Kimi anlatılara göreyse, derisi kemiklerine yapışmış çelimsiz bir iskelet gibiydi. Kül rengi derisiyle yaşayan bir ölüye benziyordu.

Başka bir anlatıda da, Wendigo, bir geyiğinkini andıran boynuzlara, keskin pençelere sahipti. 

Ancak hemen hemen tüm anlatılarda Wendigo’nun sivri ve keskin dişleri vardı. Wendigo nasıl görünürse görünsün, bir insanın karşılaşmak istemeyeceği bir yaratıktı.

Mekan, tarihsel anlamlara sahip bazı olayların hala hatırlandığı ve nesiller boyunca süreklilik ve kimlik sağlayan alandır yani mekanın tarihsel anlamı bir anlatı için önemlidir. Doğal olarak, günümüzde bu bölgedeki ulusal parklarda yaşanan tüm esrarengiz kayıplar, Wendigo gibi iblis ruhlu yaratıkların varlığını akla getiriyor ki,  bu da yeterince ürkütücü ve tüyler ürpertici bir durum. 

Korku ve gerilim türündeki kitaplarıyla tanınan Stephen King, 1970’li sonunda Kuzey Amerika’daki ulusal parklara yakın bölgede yer alan ve mezun olduğu Orono’daki Maine Üniversitesi’nden akademik kariyer daveti alınca, Maine’de yeşillikler içinde yer alan bir kır evine ailesiyle birlikte taşınıyor. Evin hemen yanında bir orman ve iki tarafı ormanlarla kaplı asfalt bir yol var. Bu yol, aynen “Hayvan Mezarlığı” kitabındaki yol gibi... Yoldan hızlı bir şekilde geçen ağır yük kamyonları sık sık civardaki evcil hayvanların canına mal oluyor ve hatta ormanın içindeki bir yerde, bölgenin çocukları bir hayvan mezarlığı kurmuşlar. 

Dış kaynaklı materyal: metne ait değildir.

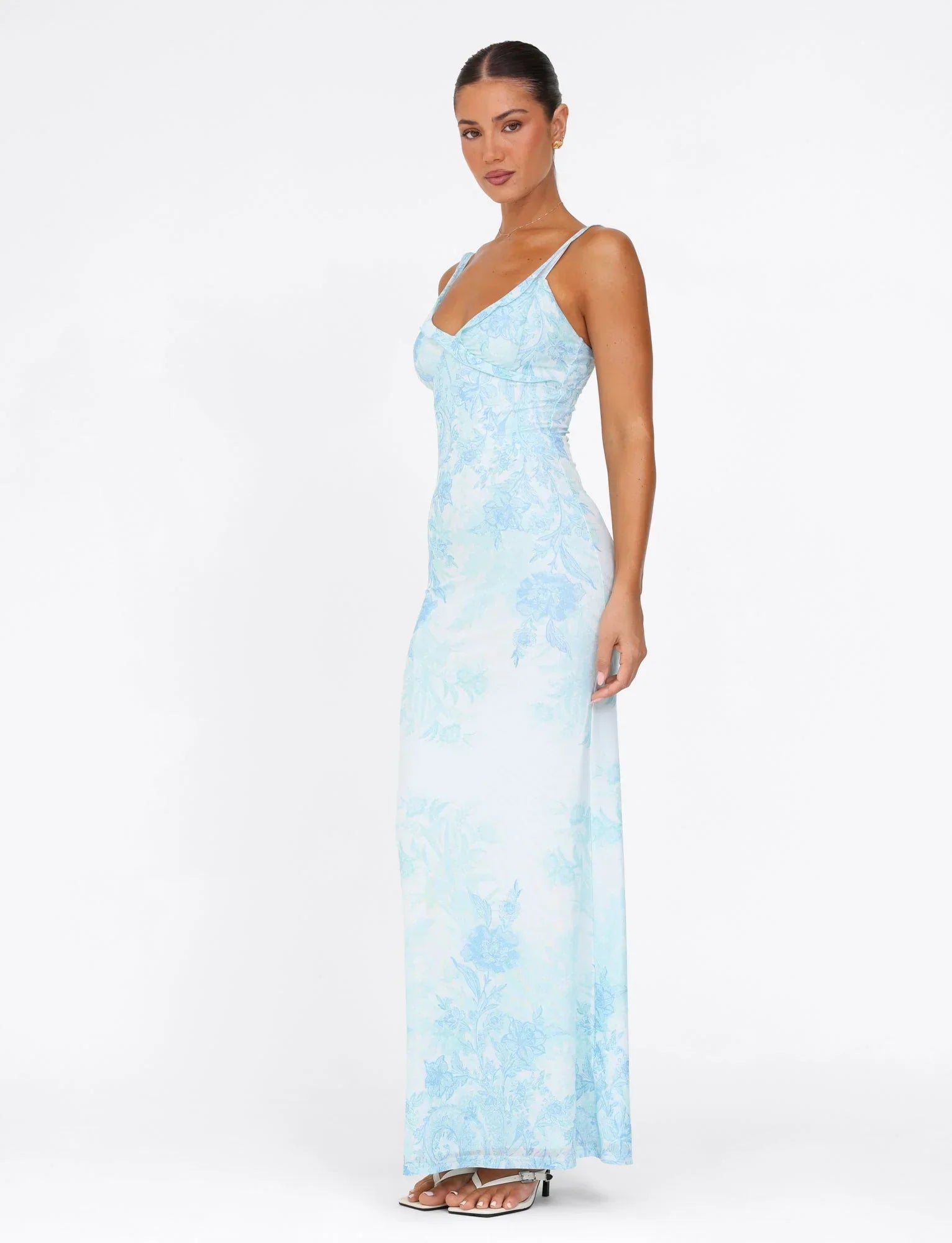 GUILIANNA FRILL MAXI DRESS BLUE FLORAL TAPESTRY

Stephen King’in yine anlattığına göre, bu eve taşınmalarından kısa bir süre sonra kızının kedisini yol kenarında ölü bulmuş ve kediyi ormanın içindeki evcil hayvanı mezarlığa gömmüşler. Bu üzücü olaydan kısa bir süre sonra ailecek evlerinin önündeki çimenlik alanda uçurtma uçururken, o zaman henüz iki yaşına bile gelmemiş olan evin küçük oğlu asfalt yola doğru koşup yolun ortasında durduğunda Stephen King, oğlunu hızla gelen bir kamyonun altında kalmaktan son anda kurtarmayı başarmış ve “Ya onu yakalamasaydım?” sorusunu saatlerce kendisine sormuş. Bu korkutucu olayın etkisinden olsa gerek, o gece gördüğü “evlerinin bahçesinde yeniden canlanan bir ölüyle” ilgili rüya, Stephen King’in zihnine “Hayvan Mezarlığı” kitabının tohumlarını atmış.. 

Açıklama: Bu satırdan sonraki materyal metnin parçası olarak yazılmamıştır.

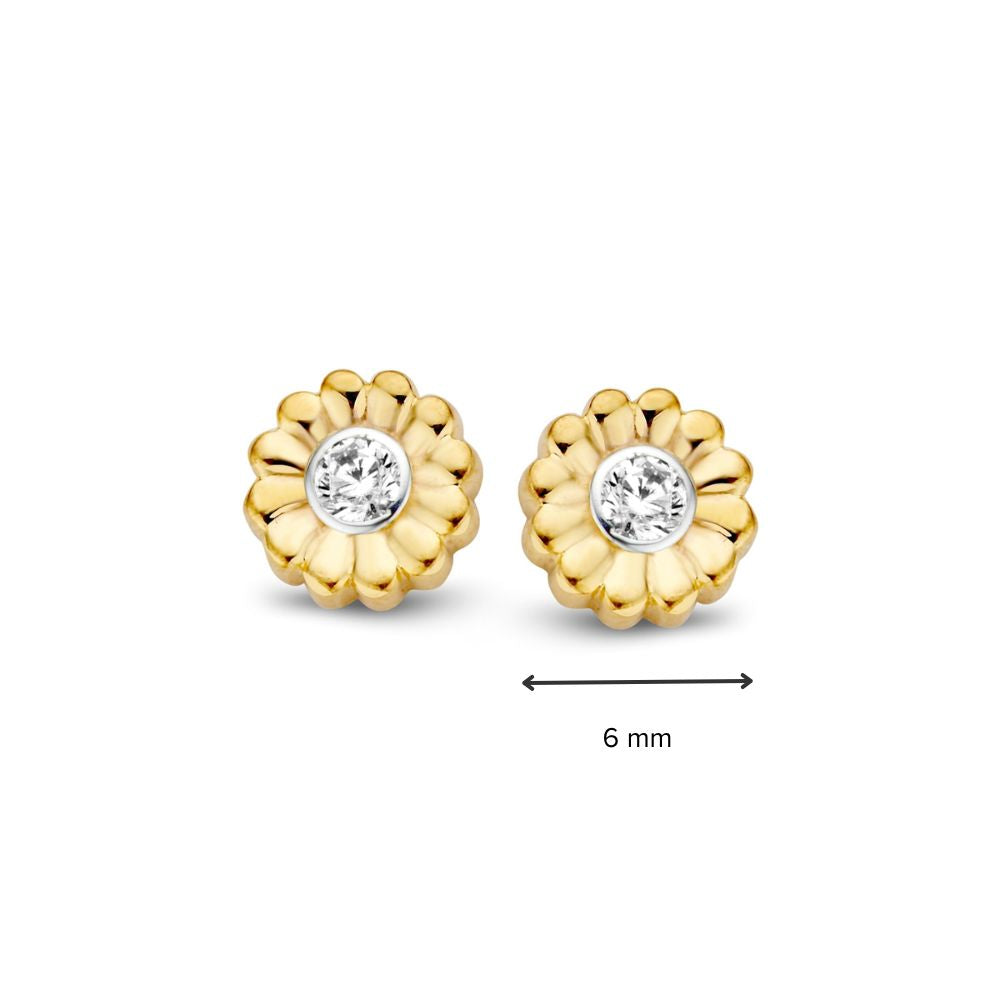 Pendientes de oro amarillo con circonitas 6 mm - 14 quilates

Stephen King'in gerçek hayatından ödünç aldığı bir başka olay örgüsü unsuru, nazik bir komşunun varlığı. Bu komşu, King’in evinin karşısında bir dükkan sahibi olan Julio DeSanctis adında bir adamdı. Nitekim, kitabın önsözünde King, "Orrington’daki evimde yazı yazma yeri yoktu, ancak Julio'nun dükkanında boş bir oda vardı ve Hayvan Mezarlığı’nı orada yazdım" diye yazdı. 

Yani, “Hayvan Mezarlığı” kitabının onun için ilham kaynağı oldukça açık bir şekilde kendi hayatındaki olaylar ve o zaman yaşadığı yere dair tarihsel anlatılara dayanıyor.

Ancak Stephen King "Basitçe söylemek gerekirse, yazdıklarımdan ve çıkardığım sonuçlardan dehşete düştüm." diyerek romanın yayınlanmasından on yıllar sonra bile “Hayvan Mezarlığı”nı hâlâ en korkutucu ve sonunda "çok ileri" gittiğini hissettiği üzücü bir deneyim olarak görüyor. Çünkü tüm fantastik öğelerine rağmen “Hayvan Mezarlığı”, çocuğunu kaybeden bir babayı düşünülemez olanı yapmaya iten kederin onları içine soktuğu çılgınlık ve acının hikayesidir. 

Keder, insana pek çok şey yaptırabilecek çok güçlü bir duygu... Zaten insanı diğer canlılardan ayıran şeylerden biri de, yaşam ve ölüm arasındaki farkı biliyor olmamız değil mi? Örneğin hayvanlar içgüdüseldir, kendilerini zarardan korurlar ve mümkün olduğunca ölümden kaçınırlar ancak ölüm hakkında bir fikirleri yoktur. Evet, maymunlar gibi daha üst düzey hayvanlardan bazıları veya köpekler gibi insanlar tarafından evcilleştirilenler, kedere çok benzeyen davranışlar sergileyebilir; ancak insanlar, yaşamını kaybetmenin kederi konusunda benzersizdir. Çünkü ölüm bize gizemli görünür ve beynimiz içgüdüsel olarak yokluk gerçeğini kabul etmek istemez. 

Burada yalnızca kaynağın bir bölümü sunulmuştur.